Pemerintah harus tancap gas dalam mencegah dan menanggulangi HIV/AIDS. Jumlah pengidap semakin banyak. Sebaliknya, kampanye tentang penyakit maut ini semakin redup. Kampanye harus kembali digalakkan untuk menyadarkan betapa berbahayanya virus penggerogot kekebalan tubuh yang belum ada obatnya itu. Pemerintah pun mesti menjalankan program secara konsisten dan berkesinambungan.
Pemerintah tak bisa sendirian mengatasi virus maut ini. Kerja sama dengan kelompok-kelompok dan tokoh masyarakat perlu ditingkatkan. Prioritas anggaran pun perlu diubah. Selama ini, mayoritas anggaran masih dialokasikan untuk pencegahan HIV/AIDS. Pencegahan perlu, tapi harus seimbang dengan anggaran untuk merawat mereka yang sudah terjangkit. Hal itu lantaran jumlah pengidap tergolong besar. Hingga Maret lalu, angkanya sudah mencapai 188 ribu orang.

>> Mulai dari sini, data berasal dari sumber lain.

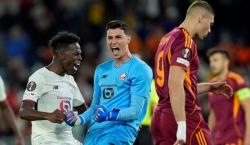 ¡Increíble! Roma falla tres penales seguidos y pierde 1-0 ante Lille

Besarnya jumlah pengidap itu juga akan menjadi ujian bagi presiden dan wakil presiden terpilih Joko Widodo-Jusuf Kalla. Sektor kesehatan adalah salah satu program prioritas dalam kampanye mereka. Menangani HIV/AIDS akan menjadi ujian apakah program Kartu Indonesia Sehat yang diunggulkan Jokowi-Kalla akan efektif.
Gerakan melawan penyebaran HIV/AIDS mutlak diperlukan karena masyarakat seolah tak peduli lagi seiring dengan melemahnya sosialisasi belakangan ini. Penyebaran virus bahkan sudah merambah pedesaan. Ini, misalnya, terjadi di Cianjur, Jawa Barat. Pada tahun ini saja, di tempat itu ditemukan 73 pengidap baru terinfeksi.
Cianjur hanya salah satu contoh. Sebab, di tingkat nasional, faktanya lebih mencemaskan. Menurut The Joint United Nation Program on HIV/AIDS (UNAIDS) 2014, jumlah orang terinfeksi HIV di Indonesia meningkat 48 persen sejak 2005. Ironisnya, peningkatan justru terjadi di tengah penurunan jumlah pengidap di kawasan Asia-Pasifik sebesar 27 persen dan 38 persen secara global.
Tak ada salahnya pemerintah berkaca dari negara lain. Di Malaysia, ada kewajiban bagi pasangan yang akan menikah untuk bebas HIV/AIDS. Di Thailand, para pekerja seks mensyaratkan penggunaan kondom bagi para pelanggannya. Pro-kontra memang akan muncul. Namun pemerintah mesti tegas dan konsisten demi melindungi publik yang lebih luas.
Kebijakan sebaik apa pun tak akan berjalan tanpa sosialisasi. Tokoh-tokoh publik mesti diyakinkan betapa pentingnya mengkampanyekan gerakan melawan AIDS, sehingga tak ada lagi perdebatan di luar koridor kesehatan. Peran orang tua dan pendidik juga mesti ditingkatkan. Sosialisasi bahaya HIV/AIDS lebih diarahkan kepada siswa sejak dini mengingat korban terbesar adalah usia muda, berkisar 20-39 tahun. Kesadaran masyarakat akan memunculkan kepedulian dan tanggung jawab sosial, sehingga pencegahan dan penanggulangan bisa efektif.
Penyadaran dilakukan terutama terhadap mereka yang terjangkit agar tak malu berobat, termasuk menginformasikan kepada petugas kesehatan jika mengetahui anggota keluarga diduga tertular. Hanya dengan kampanye yang terus-menerus, penyadaran untuk melawan AIDS bisa membuahkan hasil.